Investors stepped up their engagement, challenging UBS to live up to its policies by pointing out the gap between UBS’s policy and what was happening in the hotel. The Global Unions Committee on Workers’ Capital, the international network of worker-nominated pension trustees, set up a meeting between UBS pension fund clients from around the globe and the asset manager’s ESG team at the 2019 PRI conference and asked why the Baltimore labor dispute wasn’t in the UBS reports. As part of the Asset Manager Accountability Initiative on Workers’ Rights in Investment Stewardship, the CWC works with its global network to drive positive impacts to workers’ rights on the ground, in line with the ILO Fundamental Rights and Principles at Work.
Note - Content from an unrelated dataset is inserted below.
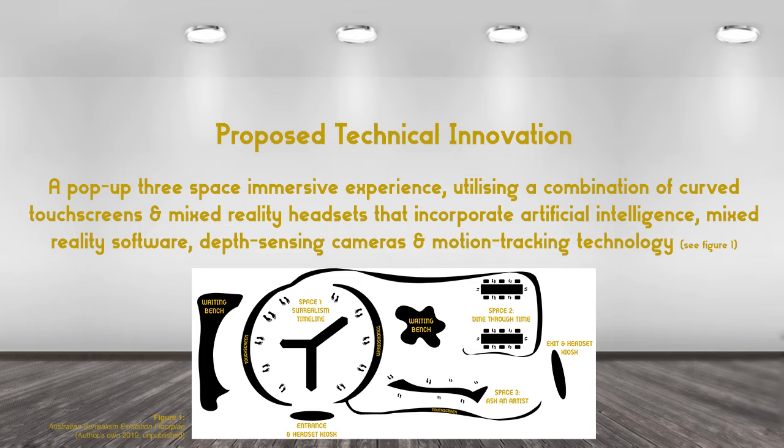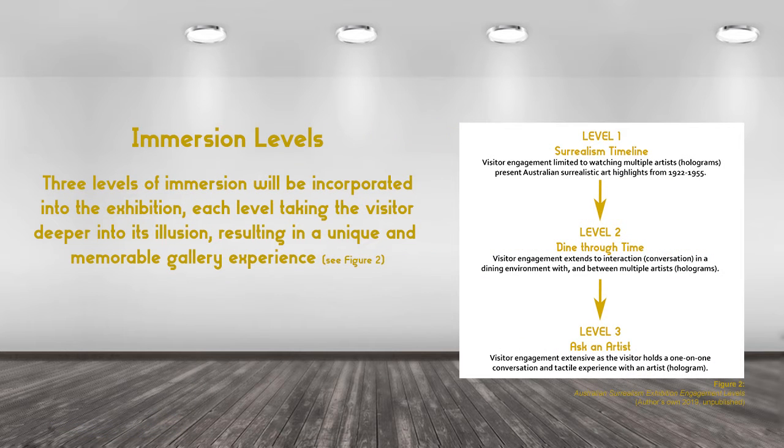The proposed technical innovation is a pop-up free room or space immersive experience, utilising a combination of curved touch screens and mixed reality headsets that incorporate artificial intelligence and mixed reality software, depth sensing cameras, and motion tracking technology. There will be three levels of immersion incorporated into the exhibition, each level taking the visitor deeper into its illusion, which will result in a unique and memorable gallery experience.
The North American Building Trades gave UBS a failing grade on their RCP scorecard. A month later, Connecticut Treasurer Shawn Wooden, Maryland Treasurer Nancy Kopp, Maryland trustee, high school English teacher and union leader Doug Prouty, and NEBF’s Monte Tarbox and other investors met with UBS’s new President of Asset Management, Suni Harford, and Trumbull Fund officers in Hartford. During these face-to-face meetings, UBS’s new leadership and new Trumbull Fund leaders promised to be more responsive to investors. But Marriott was dug in.
After several more months of painfully slow progress, as UBS was revising its assessment, Marriott added a final straw. With the hotel largely shut down during the pandemic and most of the workforce furloughed, Marriott proposed extending employer-paid health insurance benefits for hotel employees who were not bargaining collectively while ending it for employees who were. Marriott’s anti-union overreach coupled with the investor scrutiny appeared to be a final straw for UBS.
UBS assured investors that Marriott’s latest ploy was unacceptable. It is not known what else was said between UBS and Marriott, but within a matter of days, Marriott had backed down from its proposal and the hotel workers had a contract.
Credit goes to UBS officials for finally engaging and helping to bring the dispute to an end. Teamsters, Operating Engineers, county and state labour leaders and officials, Australian dock workers and health care workers, Dutch public sector labour leaders, and Finnish hotel labour leaders, largely convened by the Committee on Workers Capital, contributed to this effort.
Maryland teacher trustee Doug Prouty said, “This outcome shows that being an activist trustee can make a difference. I am very pleased about the resolution for the hotel and its employees, for the members and beneficiaries of our state retirement system, and for the people of Maryland.”
If you want to hear the inside scoop, ask one of these investors.